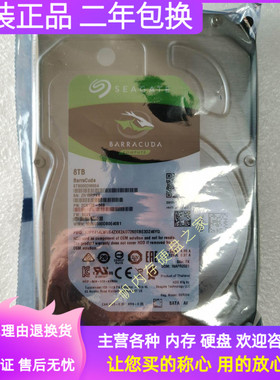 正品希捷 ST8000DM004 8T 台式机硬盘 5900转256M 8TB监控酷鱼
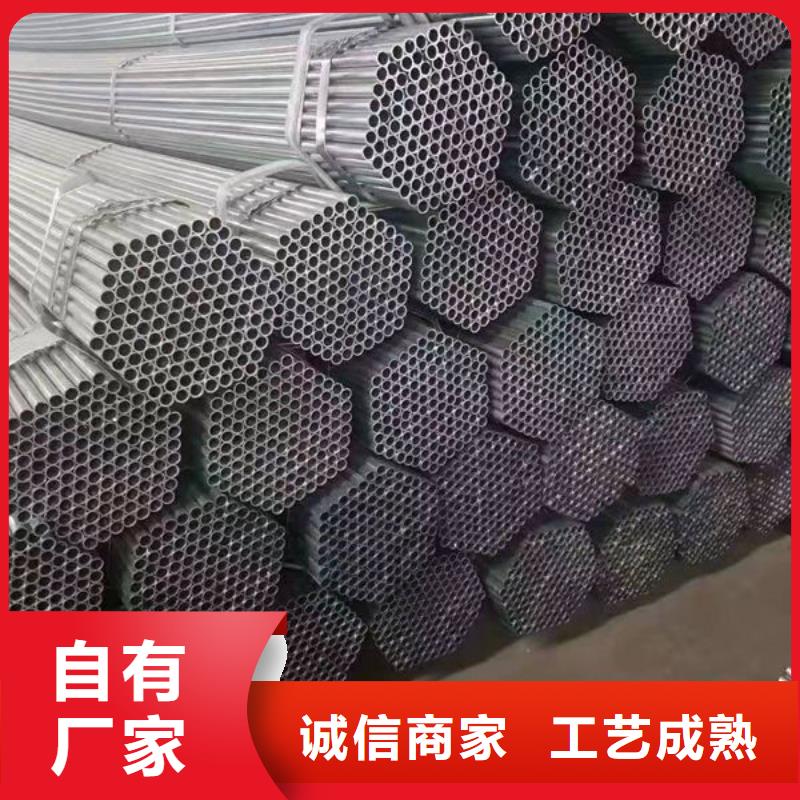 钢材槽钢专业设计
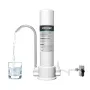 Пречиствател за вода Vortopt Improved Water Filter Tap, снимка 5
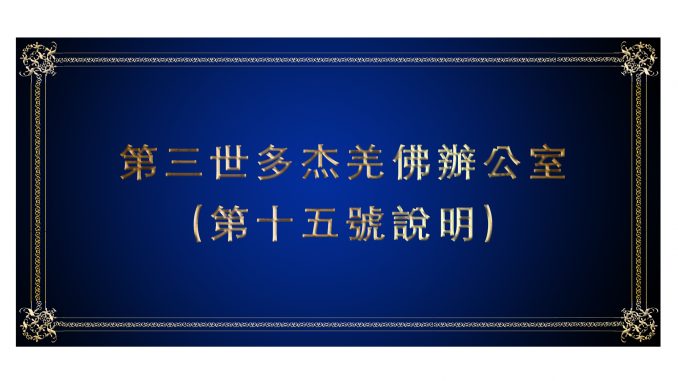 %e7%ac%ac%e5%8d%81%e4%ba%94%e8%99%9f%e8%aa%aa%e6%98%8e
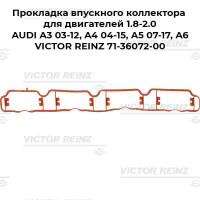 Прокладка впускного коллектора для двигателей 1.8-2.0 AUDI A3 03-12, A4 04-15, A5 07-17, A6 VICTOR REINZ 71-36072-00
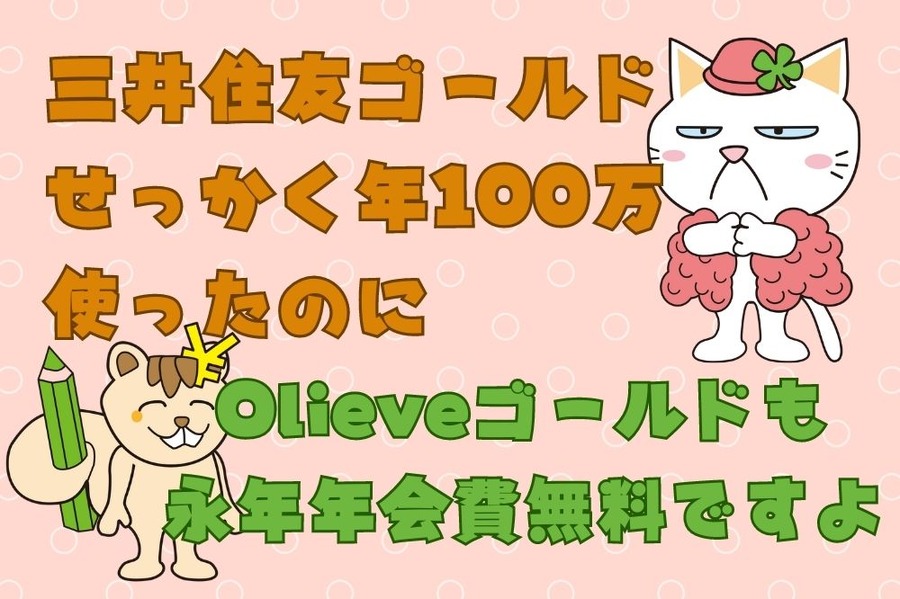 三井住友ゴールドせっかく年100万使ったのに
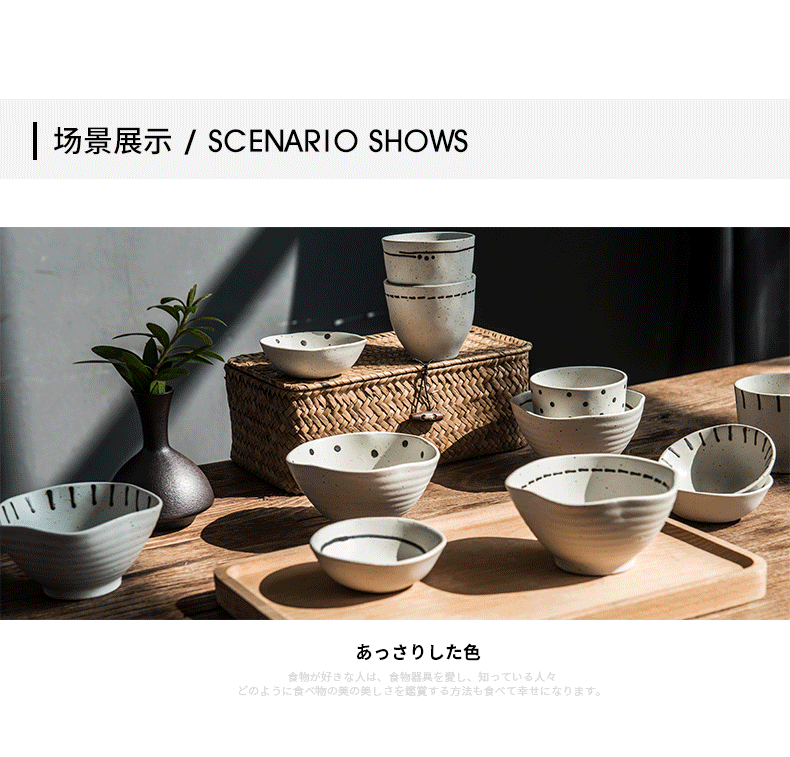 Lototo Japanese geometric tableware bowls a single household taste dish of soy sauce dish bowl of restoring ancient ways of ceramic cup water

TASK DESCRIPTION:
Skip the images and restate each record above word for word.

TASK ANSWER:
 正品希捷 ST8000DM004 8T 台式机硬盘 5900转256M 8TB监控酷鱼
 钢材槽钢专业设计
 Пречиствател за вода Vortopt Improved Water Filter Tap, снимка 5
 %e7%ac%ac%e5%8d%81%e4%ba%94%e8%99%9f%e8%aa%aa%e6%98%8e
 Прокладка впускного коллектора для двигателей 1.8-2.0 AUDI A3 03-12, A4 04-15, A5 07-17, A6 VICTOR REINZ 71-36072-00
 三井住友ゴールドせっかく年100万使ったのに
 Lototo Japanese geometric tableware bowls a single household taste dish of soy sauce dish bowl of restoring ancient ways of ceramic cup water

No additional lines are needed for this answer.